Seseorang mendadak menyenggol bahu Yena, perawakannya mirip Hazard. Namun, ketika Yena ingin memanggil nyatanya orang itu bukan Hazard. Orang asing tersebut tampak mengatupkan kedua tangan, memohon maaf.
"Ck, aku salah orang," sesal Yena sambil menggaruk tengkuk, heran dengan dirinya karena terus memikirkan Hazard, "fokus Yena, untuk sekarang tugasmu melatih para calon prajurit!" lanjutnya sembari melipat tangan dan mengangguk-anggukan kepala setuju dengan ucapannya sendiri.
Lima bulan kemudian...
"Bagaimana ini, Pangeran? Raja Firan sudah mau menikah lagi. Sementara Tuan Assassin sampai sekarang tidak terlihat batang hidungnya," ucap Chayra ketika Harith baru keluar dari tenda. Pandangan mata Chayra tak beraturan sambil menopang dagu dan menggigit bibir. Jelas sekali bahwa dirinya sedang gelisah.

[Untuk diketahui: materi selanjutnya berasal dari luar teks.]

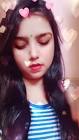 Profile Picture of   Meenu singh... (@meenusushilsingh) on Tiktok
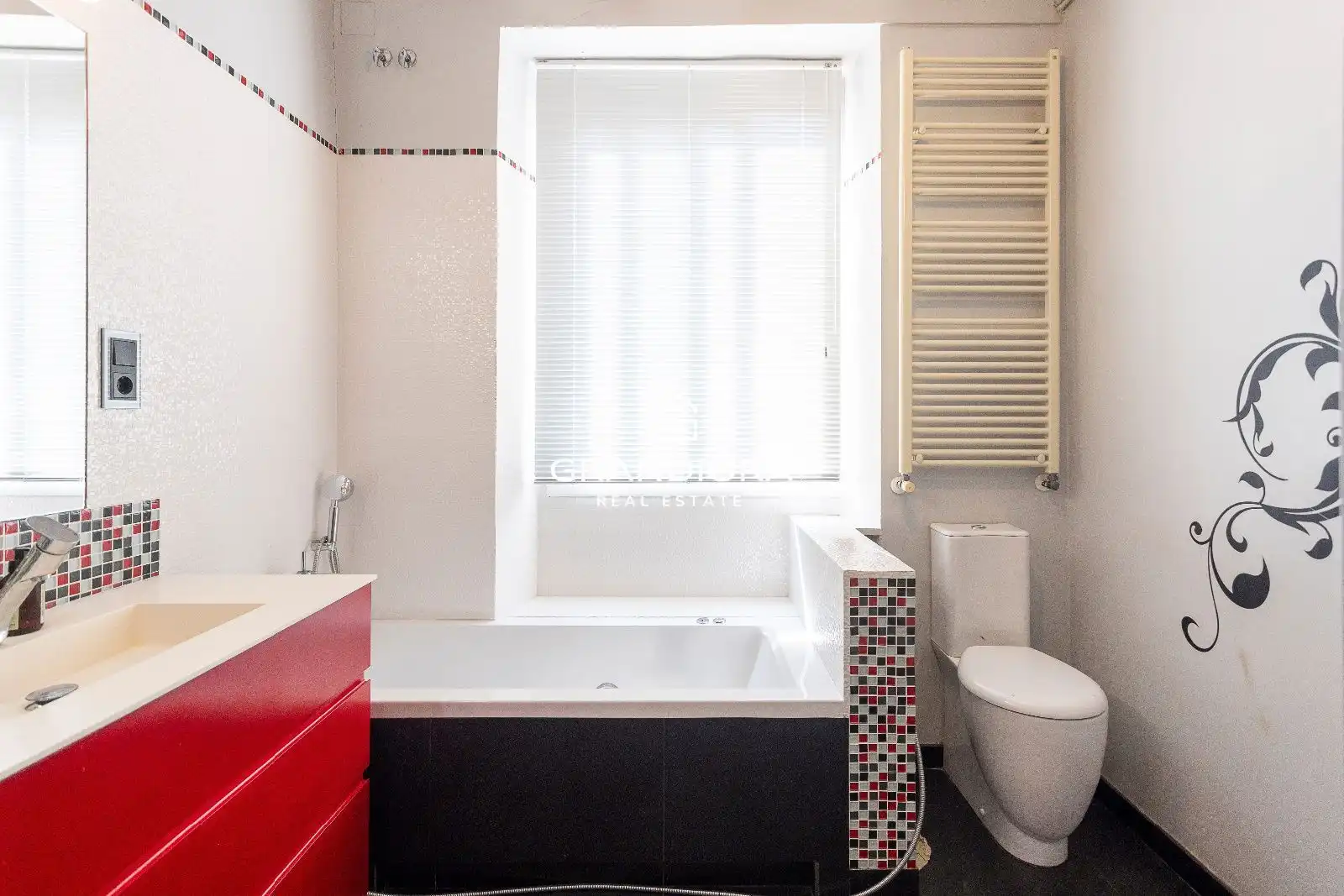 Wohnung mit Aufzug zum Verkauf in Calle Sant Pere Mes Alt, imagen 28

Tiba-tiba, kilatan petir menyambar pasir hingga gosong dibarengi gemuruh kian nyaring, sejalan dengan cuaca mendung akibat sinar mentari yang tertutup awan. Seorang pria—mengenakan masker—muncul dari bekas pasir yang tersambar. Pria itu mengenakan jaket kerah tinggi dengan kaos dalam berwarna merah dan syal coklat kehitaman melambai-lambai diterpa angin dingin. "Maaf, Nyonya. Sekarang batang hidup saya sudah terlihat jelas, bukan?" sahutnya berjalan mendekat lalu berlutut dengan seringai tipis.
Semua mata yang ada di oase tertuju pada pria itu. Mereka dapat merasakan hawa mengerikan yang lebih dashyat setelah kepergiannya beberapa bulan lalu.